November 2017: Noteinsatz! Die Stadt Amöneburg beauftragt Firma Rudolph, Altbäume mit massivem Mistelbesatz zu fällen und zu entsorgen. 6 Bäume werden bis auf einen Stumpf entfernt, ca. 15 Bäume im Kronenbereich gekappt, aber als stehendes Torholz belassen.
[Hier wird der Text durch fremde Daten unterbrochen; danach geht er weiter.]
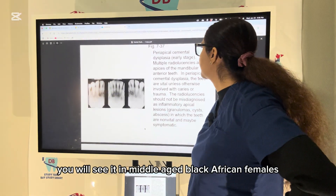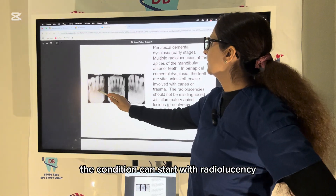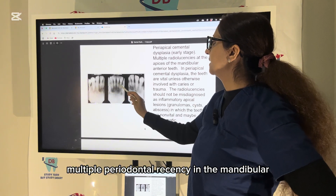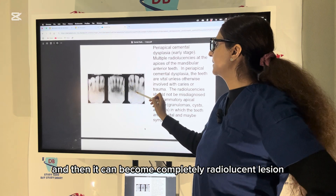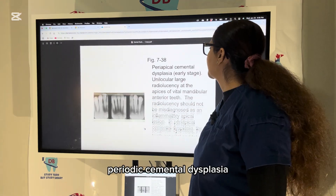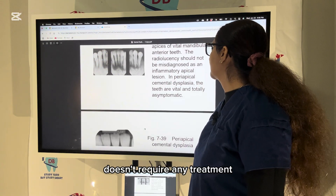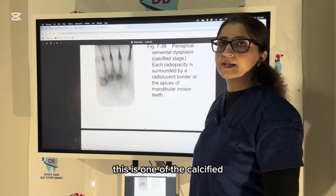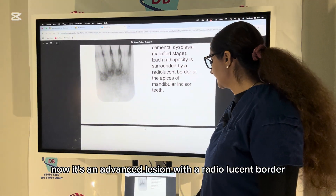Periapical cemental dysplasia is a very important condition. You will see it in middle-aged Black African females. The condition can start with radiolucency with a radiopaque border — multiple periapical radiolucencies in the mandibular anterior region. Then it comes to a mixed stage of radiolucent and radiopaque combined, and finally can become a completely radiopaque lesion with radiolucent borders. The teeth are vital; it is asymptomatic and requires no treatment — just observe. This is the calcified stage.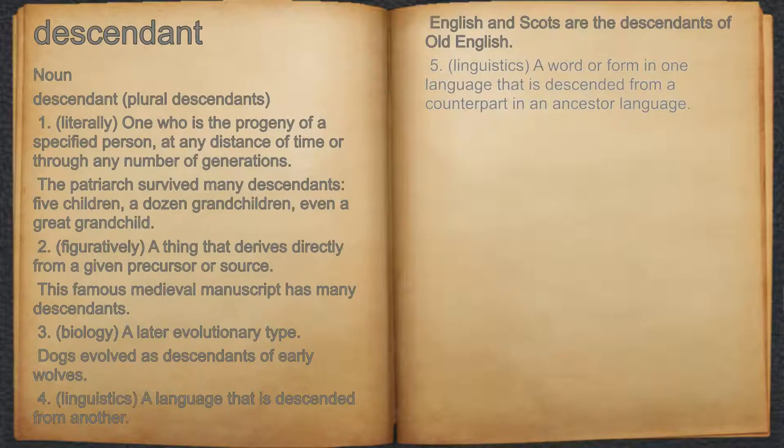5. Linguistics: a word or form in one language that is descended from a counterpart in an ancestor language.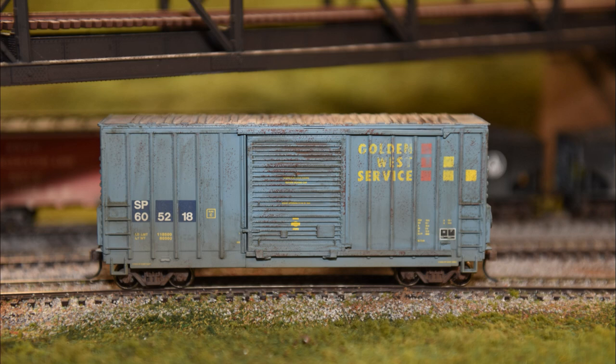This Golden West boxcar got the most treatment. We faded some of the paint. We used the streaking for winter vehicles wash. We used a rust wash. We applied some rust with a sponge. And then we did the weathering powders and airbrushing.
Mistel-Exemplare aus dem Kronenbereich der gefällten Bäume haben zum Teil einen Durchmesser von über 100 cm und weisen mehr als 6 Verzweigungen pro Zweig auf - das heißt, sie sind älter als 6 Jahre. 

 

November 2017: Arbeitskreis Amöneburger Streuobst wird gegründet. Man könnte auch sagen: die task force „Viscum“ formiert sich. Ihre Aufgabe: Der Mistel Einhalt gebieten: 

junge Bäume mistelfrei halten, im Altbestand Misteln soweit reduzieren, dass Bäume mistelfreie neue Triebe entwickeln können. Lücken neu bepflanzen.

 

März 2018: Beim Obstbaum-Schnittkurs unter Anleitung von Dr. Norbert Clement und Michael Stahl, bekommen neu gepflanzte Bäume den 1. wichtigen Pflanzschnitt, und etwa 10 weitere Bäume erhalten einen Erziehungsschnitt und/oder Verjüngungsschnitt bei gleichzeitiger Entfernung aller sichtbaren Misteln. 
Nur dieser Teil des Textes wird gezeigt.